Since my diagnosis unrefreshing sleep and insomnia have been my constant companions. Sadly, none of the health professionals and scientists I’ve spoken to over the years have been able to offer much insight as to what is causing this and what might help treat it.

There is lack of research into this important aspect of ME. As we all know sleep is the foundation stone of good health for anyone. Those of us who live with dysfunctional sleep all the time it can be very debilitating and have a considerable knock on effect on the other symptoms of our illness.

I recently spoke with Professor Dorothy Bruck about her insights into some of the sleep issues which affect people with ME.

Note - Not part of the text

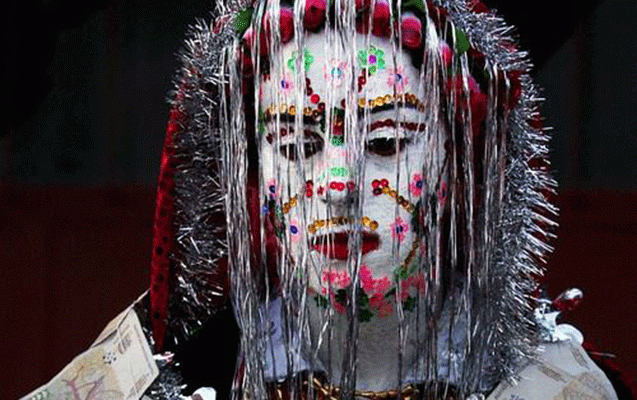 bu-xalqin-gelini-bele-bezenir-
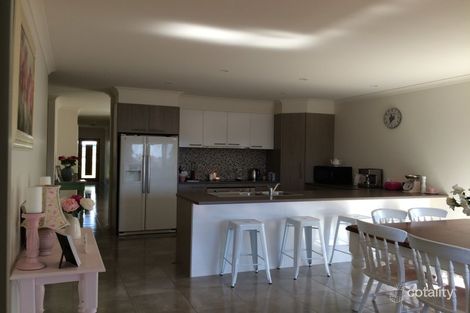 Property photo of 8 Main Road Paynesville VIC 3880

Emeritus Professor Bruck’s main area of research interest and expertise is sleep and sleep health. She has been thinking about, and working with, many aspects of sleep for about 40 years. Professor Bruck has had a long academic career at Victoria University in Melbourne, with particular expertise in sleep/wake behaviour, mental health, chronic fatigue syndrome, waking thresholds and human behaviour in emergencies. She has an international research reputation, with over 120 peer-reviewed full-length publications, $2.5 million in competitive grant income, dozens of invited international and national professional speaking engagements, and numerous awards. Professor Bruck’s research has been regularly featured in the media, including Time Magazine and New Scientist. Apart from her academic work Professor Bruck has worked as a sleep psychologist and most recently she was Chair of the Sleep Health Foundation (Australia). She is now semi-retired and lives in the Far South of Tasmania, Australia.

Q1. How did you get involved in the field of M.E. research?

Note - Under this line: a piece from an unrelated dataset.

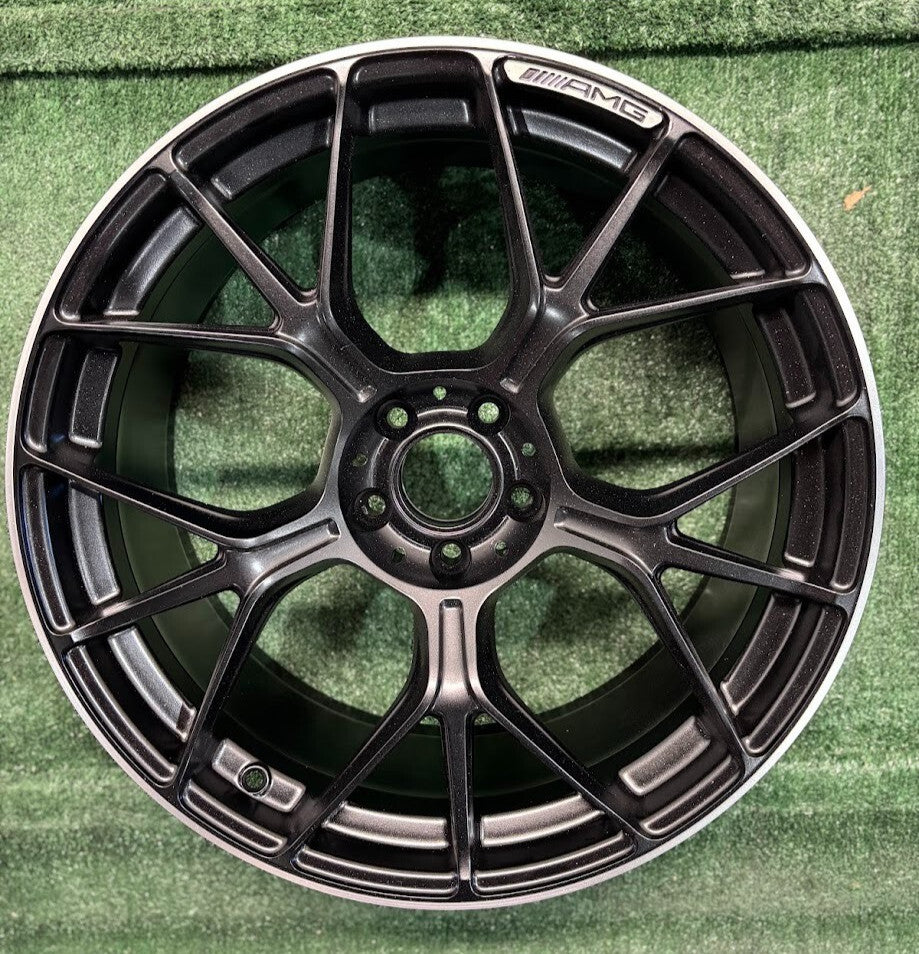 20x9.5 Front Mercedes Benz CLE53 AMG 2024 2025 2026 OEM Wheel Rim A2364013100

I have been a sleep researcher since undertaking my Honours degree in 1978, with a particular interest in disorders of excessive daytime sleepiness such as narcolepsy.  In 2010 my teenage son was diagnosed with ME/CFS, which left him bed and recliner bound for about 10 of the next 15 years. Remarkably he has now improved sufficiently to hold a job with flexible hours.  While he was very sick I met ME/CFS clinicians and researchers in Melbourne and we managed to obtain funding for a series of studies focussing on sleep and gut microbes.  We have since published this research with Melinda Jackson and Amy Wallis as the first authors.

Q2. In October 2021 the National Institute for Clinical Excellence in the UK issued a new guideline for the treatment and care of people with M.E. This guideline recognised that for a diagnosis of M.E. to be made people had to suffer from four key symptoms. Unrefreshing sleep or non-restorative sleep is recognised as one of the core symptoms of the illness. The sleep disturbance experienced by pwME can be broken down into two categories: disturbed sleep patterns and unrefreshing sleep. Despite this, there is remarkably little research being conducted into this core symptom of the illness. Amongst the limited studies that have been done into this issue there appears to be no consensus as to what is causing the sleep dysfunction among pwME. How would you explain the sleep dysfunction experienced by pwME?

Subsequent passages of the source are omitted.